Mechanics of The Tourbillon

Gravity has a direct effect on the most delicate parts of the escapement, namely the pallet fork, balance wheel and hairspring. Most notably is the hairspring, which functions as the timing regulator for the escapement and is thus the part most sensitive to any exterior effects, such as magnetism, shocks, temperature, as well as inner effects such as pinning positions (inner collet), terminal curve, and heavy points on the balance wheel.

Many inventions have been developed to counteract these problems. Temperature and magnetism have been eliminated as problems with new materials. Shocks have much less effect today than at Breguet's time thanks to stronger and more resistive materials. The escapement still gets deregulated at the moment of the shock, but the hairspring does not get as easily deformed from shocks as before.

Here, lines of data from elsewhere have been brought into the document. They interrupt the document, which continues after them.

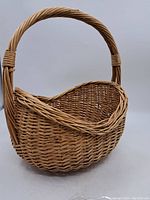 Side angle of the brown wicker basket showing handle and body shape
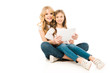 © LIGHTFIELD STUDIOS - pretty woman and cute child using laptop while sitting on floor and looking at camera on white background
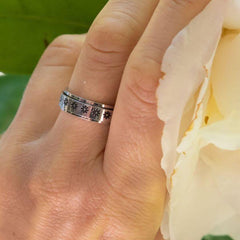 Flower band worry ring on a woman's hand next to a white flower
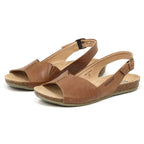 The Women's Louisa Leather Slingback Sandals feature brown leather with open toes, ankle straps, and cork soles, complemented by a cushioned footbed for extra comfort.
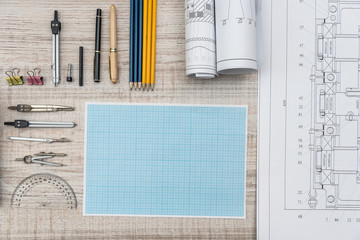 Technical drawing with millimeter paper and drawing tools. Mathematics and engineering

Gravity comes into play on the remaining effects. One of them is easily taken away, namely heavy points on the balance wheel. This leaves pinning point and terminal curve. Both of these add a lot of variation to the regulation of a watch; assembly, regulation adjustments by the watchmaker, positioning in the watch, and later position changes by the owner. As the balance wheel goes from one extreme position to the other in its swing back and forth, the hairspring's coils extend and contract a great deal, leading to problems that are extremely hard to counteract. Some have tried using hairsprings that are cylindrical or even spherical instead of flat as is prominent today. Some variations of Breguet's overcoil have been developed to counteract the effects of the terminal curve. As for the pinning point, Grossmann, Berthoud, Breguet, Caspari and Leroy tried many different possibilities, but not much improvement was gained.

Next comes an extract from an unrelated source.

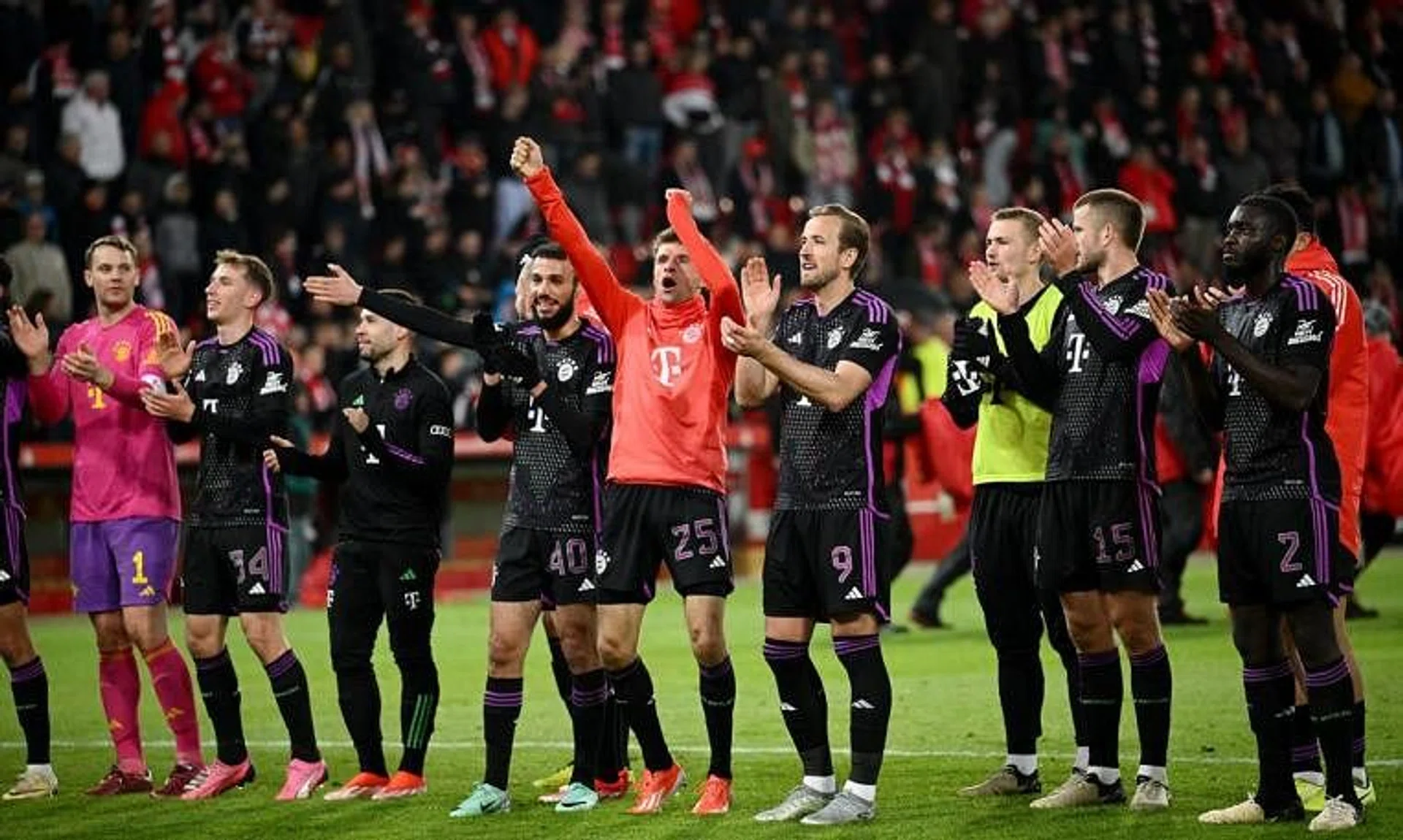 Soccer Football - Bundesliga - 1. FC Union Berlin v Bayern Munich - Stadion An der Alten Forsterei, Berlin, Germany - April 20, 2024 Bayern Munich's Thomas Mueller and Harry Kane celebrate after the match REUTERS/Annegret Hilse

The biggest obstacle for a watchmaker regulating a watch, even today, is getting a similar result from the escapement no matter the position it is kept in. This has been made infinitely easier with accurate timing machines which give instantaneous timing results, whereas in Breguet's time all that watchmakers had was another watch to regulate from. So, results were not very exact and it could take weeks to get them. Effects of gravity on an escapement can have quite significant effects with slight variations of position. Even if a pocket watch was most of the time in a breast pocket, the exact position could still vary over 45°. A tourbillon quite neatly takes away this problem. The watchmaker now only needs to regulate for 3 different positions, instead of 6 like before. Those are two horizontal positions, dial up and down, and four vertical positions, crown at 12, 3, 6 and 9 o'clock.

A tourbillon most often makes one complete revolution per minute, which has no effect in the two horizontal positions, but makes all the difference in the 4 vertical positions, since even if a watch is stationary in a random vertical position, the tourbillon makes the escapement spin around its own axis, effectively cancelling out the effects of gravity of each of the 4 generalized positions. Even today with new materials and improved theories, it is nearly impossible to regulate a watch so it keeps the same time in all positions. A tourbillon presents today's watchmakers the possibility of higher accuracy than conventional movements.

Mechanical watches today are mostly sold to buyers who value craftsmanship and aesthetics over very accurate timing. Most tourbillons use standard Swiss lever escapements, but some have a detent escapement.

The tourbillon is considered to be one of the most challenging of watch mechanisms to make (although technically not a complication itself) and is valued for its engineering and design principles. The first production tourbillon mechanism was produced by Breguet for Napoleon in one of his carriage clocks (travel clocks of the time were of considerable weight, typically weighing almost 200 pounds).